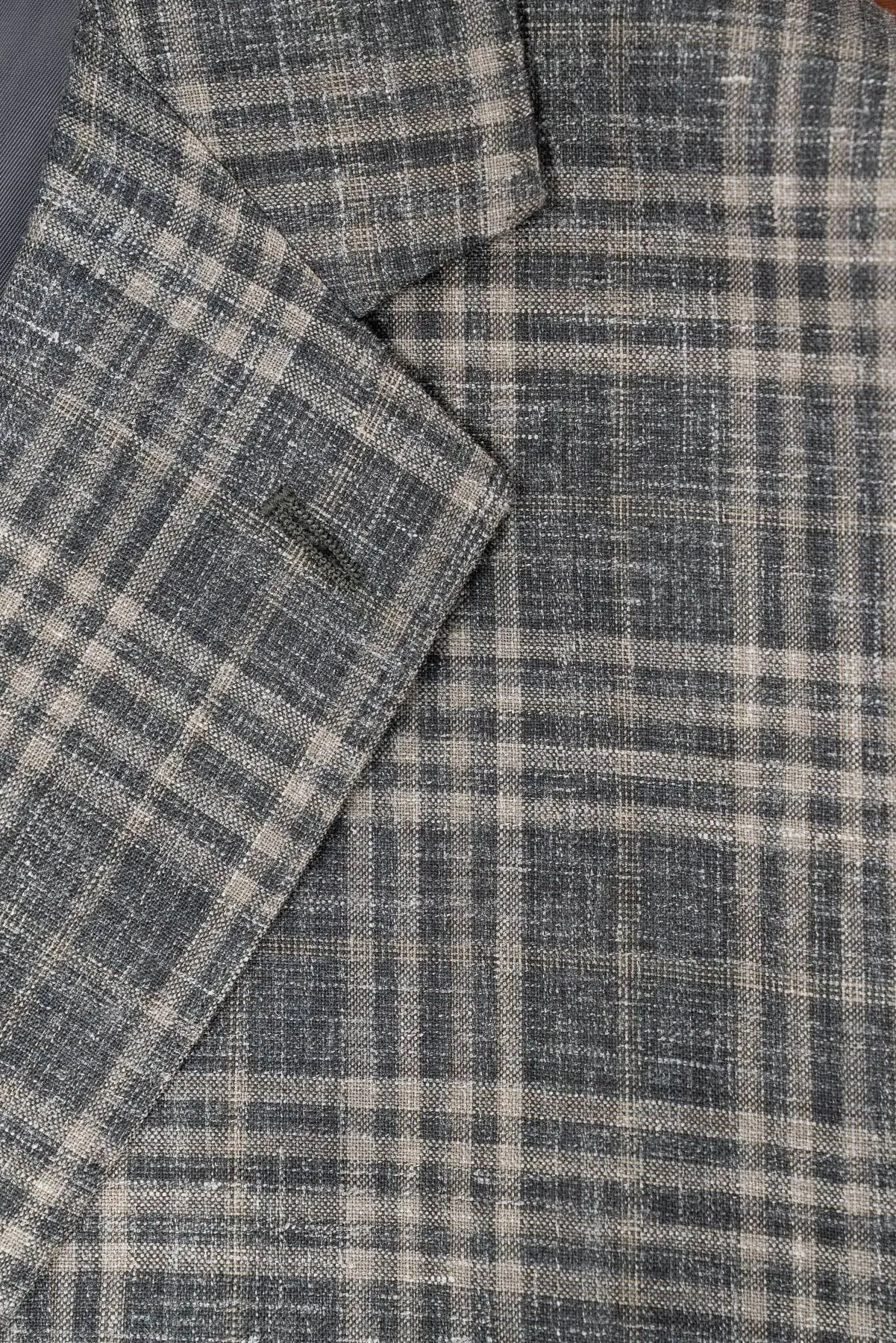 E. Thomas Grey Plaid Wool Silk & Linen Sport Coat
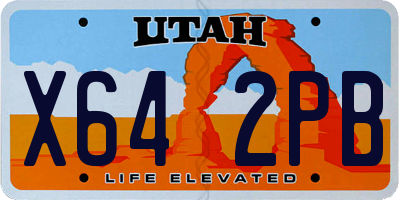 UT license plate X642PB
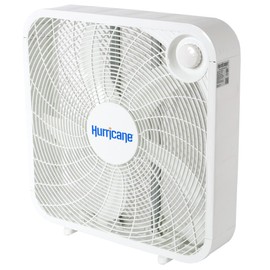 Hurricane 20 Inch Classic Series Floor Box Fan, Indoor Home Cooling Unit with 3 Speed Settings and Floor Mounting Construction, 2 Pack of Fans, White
==
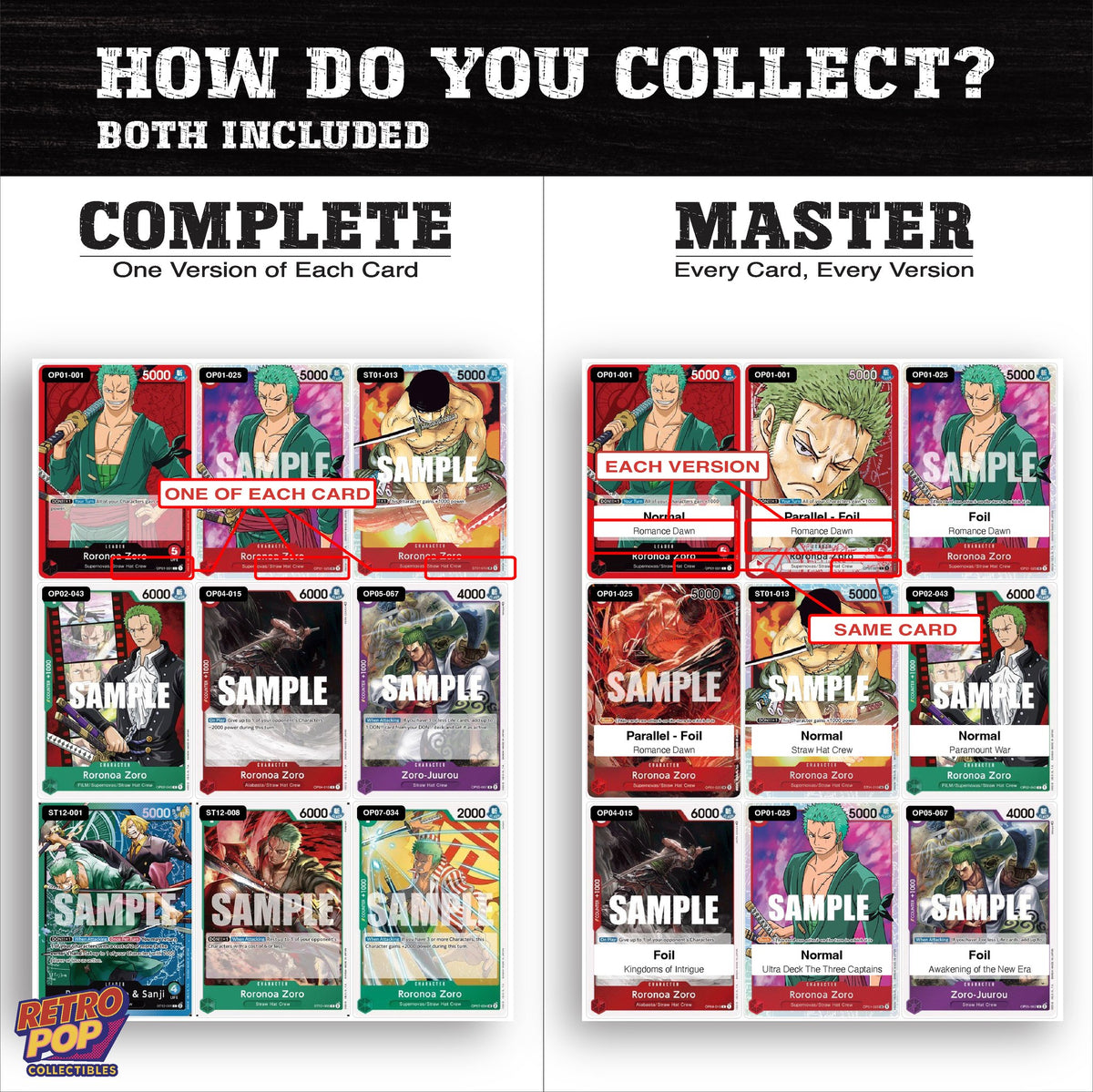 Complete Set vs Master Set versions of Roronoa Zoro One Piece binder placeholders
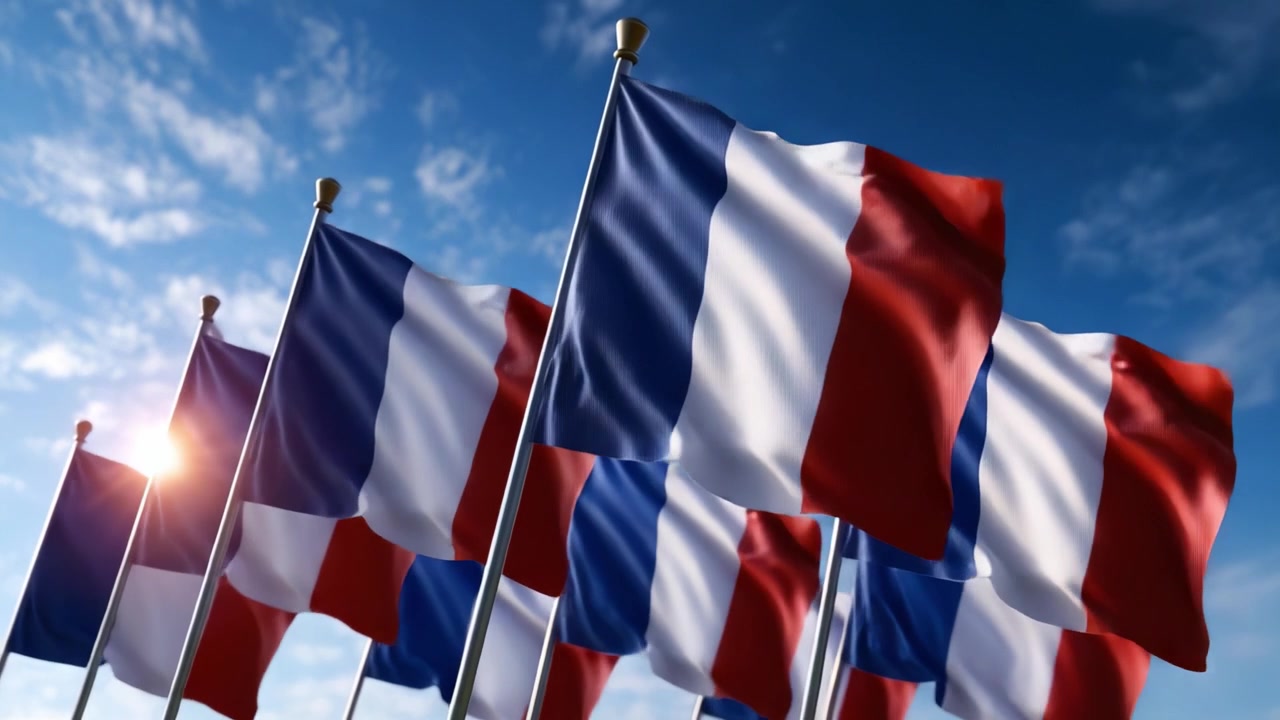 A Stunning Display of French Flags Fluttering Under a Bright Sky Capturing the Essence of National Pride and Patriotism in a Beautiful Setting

| Problem details |
From the records above, give again only the part that opens with the line containing "E. Thomas Grey" and closes with the line containing "Hurricane 20 Inch". Keep both ends but drop the pictures.

| Exercise output |
 E. Thomas Grey Plaid Wool Silk & Linen Sport Coat
 UT license plate X642PB
 Hurricane 20 Inch Classic Series Floor Box Fan, Indoor Home Cooling Unit with 3 Speed Settings and Floor Mounting Construction, 2 Pack of Fans, White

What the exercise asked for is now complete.